• TASK PROMPT: Print, exactly as they stand, the lines below from the one that has "BON・rupa　SweetmusseCake／犬 ケーキ 国産" to the one that has "YCSUNZ Hilux Revo", inclusive, leaving out the pictures.

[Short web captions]
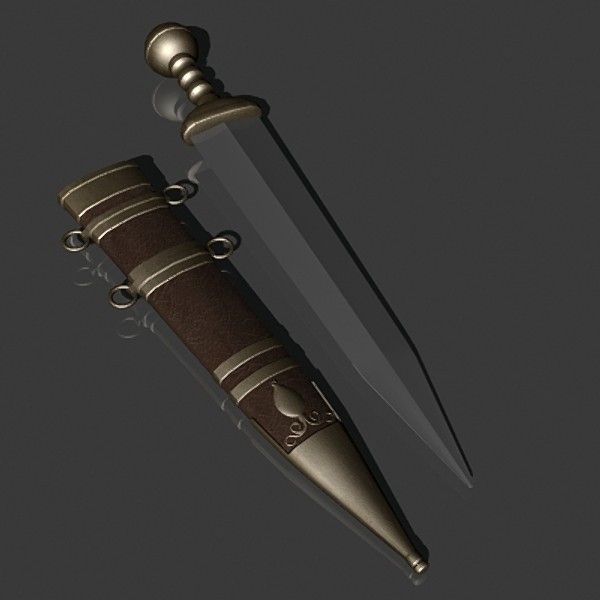 3d gladius maintz sword model - Gladius Maintz by mostlysquare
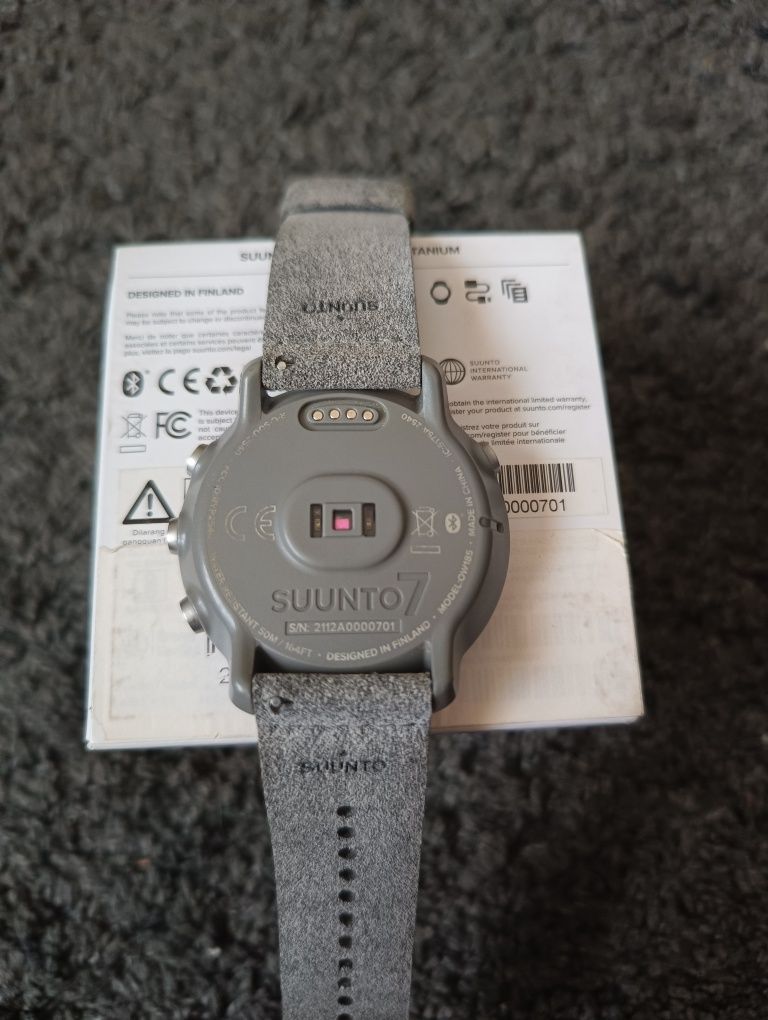 Suunto 7!!! Stone Gray titanium!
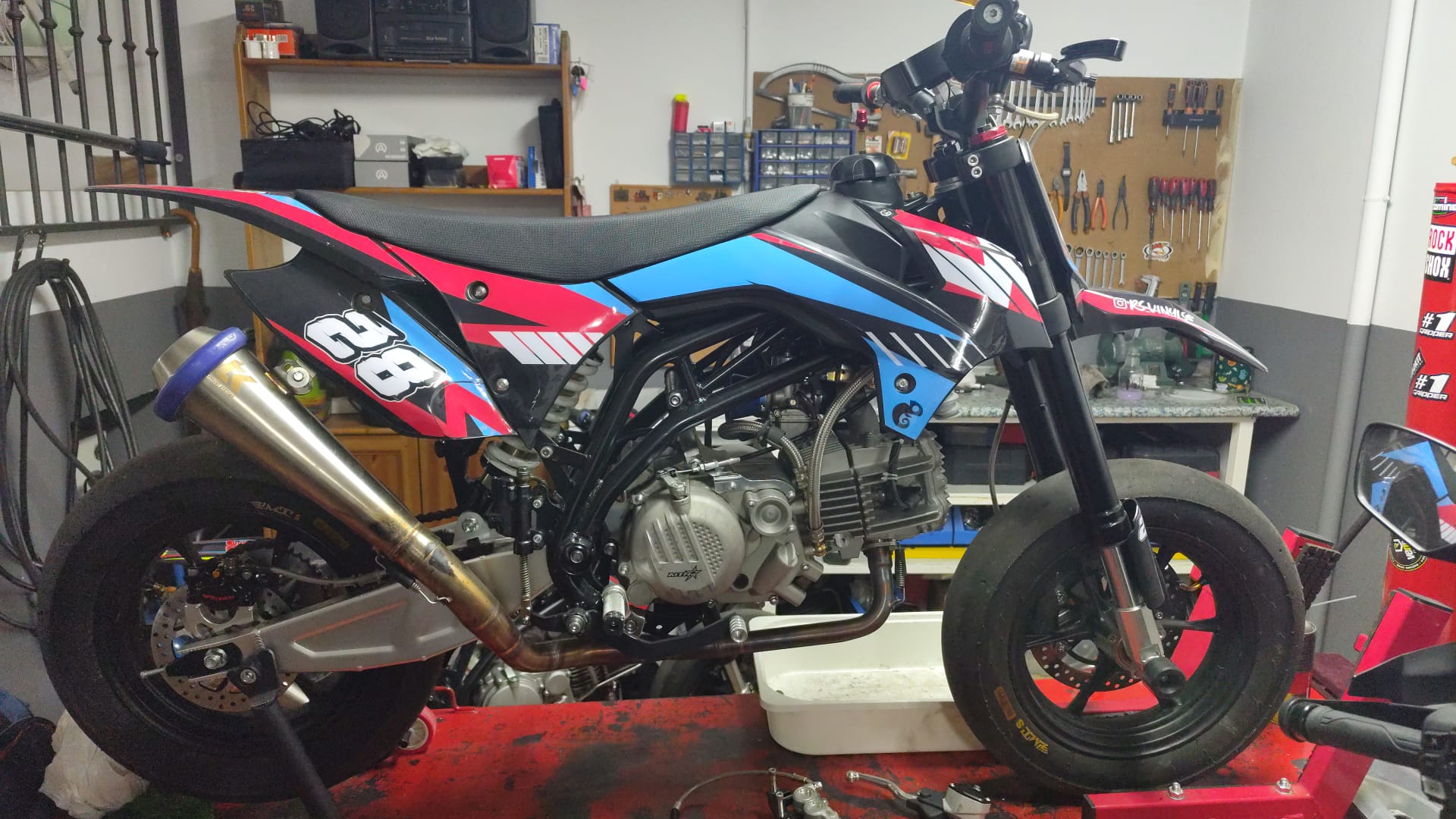 KIT 100% PERSONALIZADO (Pitbikes Minimotos & MX50) - Imagen 11
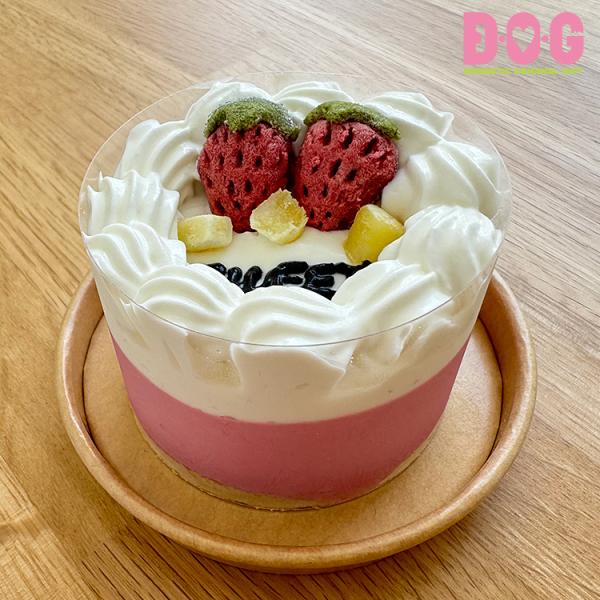 BON・rupa　SweetmusseCake／犬 ケーキ 国産 無添加 無着色 冷凍 ボンルパ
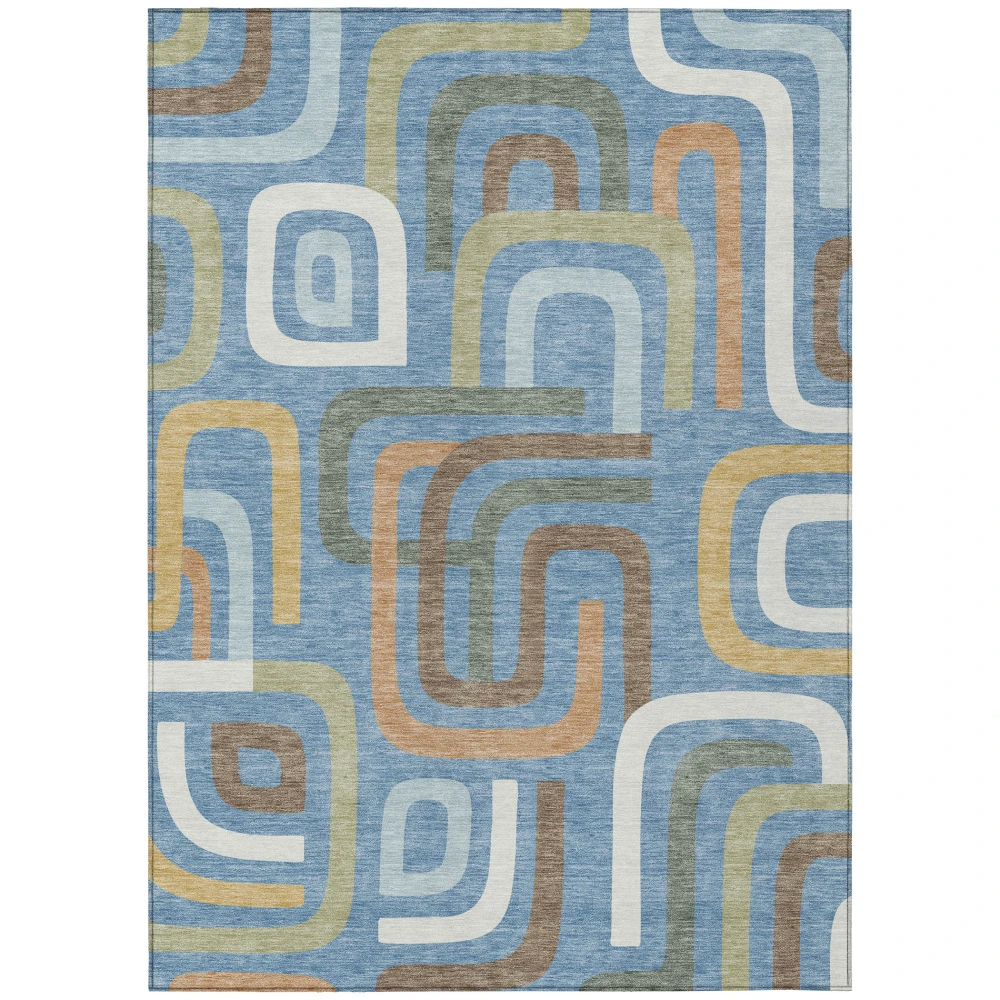 Chantille ACN2551 Blue 8' x 10' Rug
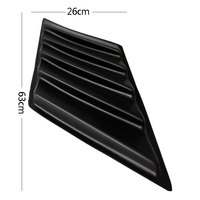 YCSUNZ Hilux Revo Capot Scoop Couverture Nouveau ABS noir Capot Scoop Couverture Pour Toyota Hilux Revo 2015 pick-up 2018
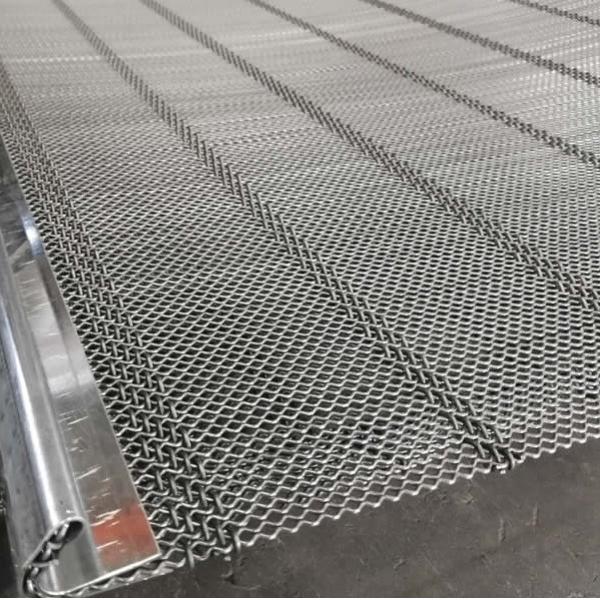 Buy Wire Ripple Screen Vibrating Screen Wire Mesh Anti - Pegging at wholesale prices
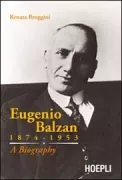 Copertina libro <b>Eugenio Balzan</b>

• RESPONSE AREA:
 BON・rupa　SweetmusseCake／犬 ケーキ 国産 無添加 無着色 冷凍 ボンルパ
 Chantille ACN2551 Blue 8' x 10' Rug
 YCSUNZ Hilux Revo Capot Scoop Couverture Nouveau ABS noir Capot Scoop Couverture Pour Toyota Hilux Revo 2015 pick-up 2018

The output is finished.